In fairness to Google, it has been pumping out the security message for a long time, and upgrades and enhances its security offerings on a regular basis.

However, while these enhancements go a long way to protecting user accounts, security also requires user action as well. Last year, when it announced one of the many updates to its account security, it outlined the measures that users should be taking around their Google accounts at least:

You can help protect your account by making sure you’re using a strong, unique password for your Google Account, upgrading your account to use 2-step verification, and updating the recovery options on your account such as your secondary email address and your phone number."

Harvesting Data

This is important for the simple reason that it seems that it is failure to follow these basic security elements that enabled the cybercriminals to gather the information — or a least that’s what Google believes.The information was obtained through a number of sources:

For instance, if you reuse the same username and password across websites, and one of those websites gets hacked, your credentials could be used to log into the others. Or attackers can use malware or phishing schemes to capture login credentials," the spam team added.

To stay safe, remember the basics.
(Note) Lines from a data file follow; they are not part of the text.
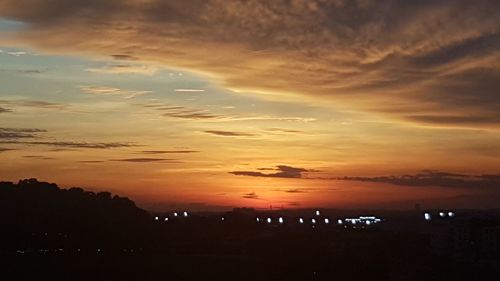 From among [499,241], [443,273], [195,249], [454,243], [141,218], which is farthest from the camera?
[141,218]

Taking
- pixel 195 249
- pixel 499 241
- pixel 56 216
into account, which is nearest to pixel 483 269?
pixel 499 241

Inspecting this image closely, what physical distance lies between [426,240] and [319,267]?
30.8 metres

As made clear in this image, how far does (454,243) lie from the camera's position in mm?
82938

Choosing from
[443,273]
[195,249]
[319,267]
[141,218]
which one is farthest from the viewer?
[141,218]

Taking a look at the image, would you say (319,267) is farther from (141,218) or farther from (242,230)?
(141,218)

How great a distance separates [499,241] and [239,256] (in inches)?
1136

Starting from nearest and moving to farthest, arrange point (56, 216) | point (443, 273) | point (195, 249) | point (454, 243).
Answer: point (443, 273) → point (454, 243) → point (195, 249) → point (56, 216)

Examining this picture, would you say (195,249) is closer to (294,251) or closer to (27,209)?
(294,251)

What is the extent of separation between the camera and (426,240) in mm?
91438

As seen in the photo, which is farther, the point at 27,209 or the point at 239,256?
the point at 27,209

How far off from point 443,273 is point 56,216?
83.2m

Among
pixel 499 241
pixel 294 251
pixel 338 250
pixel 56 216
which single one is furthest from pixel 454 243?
pixel 56 216

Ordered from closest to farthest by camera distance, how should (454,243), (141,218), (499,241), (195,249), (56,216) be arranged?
(499,241)
(454,243)
(195,249)
(56,216)
(141,218)

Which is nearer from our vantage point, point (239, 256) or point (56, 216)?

Use strong passwords and don’t give out your details to anyone. This really shouldn’t have to be said, but it clearly needs to be repeated given the number of accounts involved.

What About

Finally, at this stage,  to find out if your information has been compromised, there is allegedly a way of finding out. But use caution.

There is a two-day old website called, which is being promoted widely as an easy way to find out whether your account has been compromised or not.

It is important to note here that it is not a Google tool, nor has Google endorsed it. It works by feeding your Gmail address into the tool, and it tells you whether you account has been hacked or not. The site was registered Wednesday to Egor Buslanov, and tied to a street address and phone number in Paris, France.

Did we mention the site is in Russian?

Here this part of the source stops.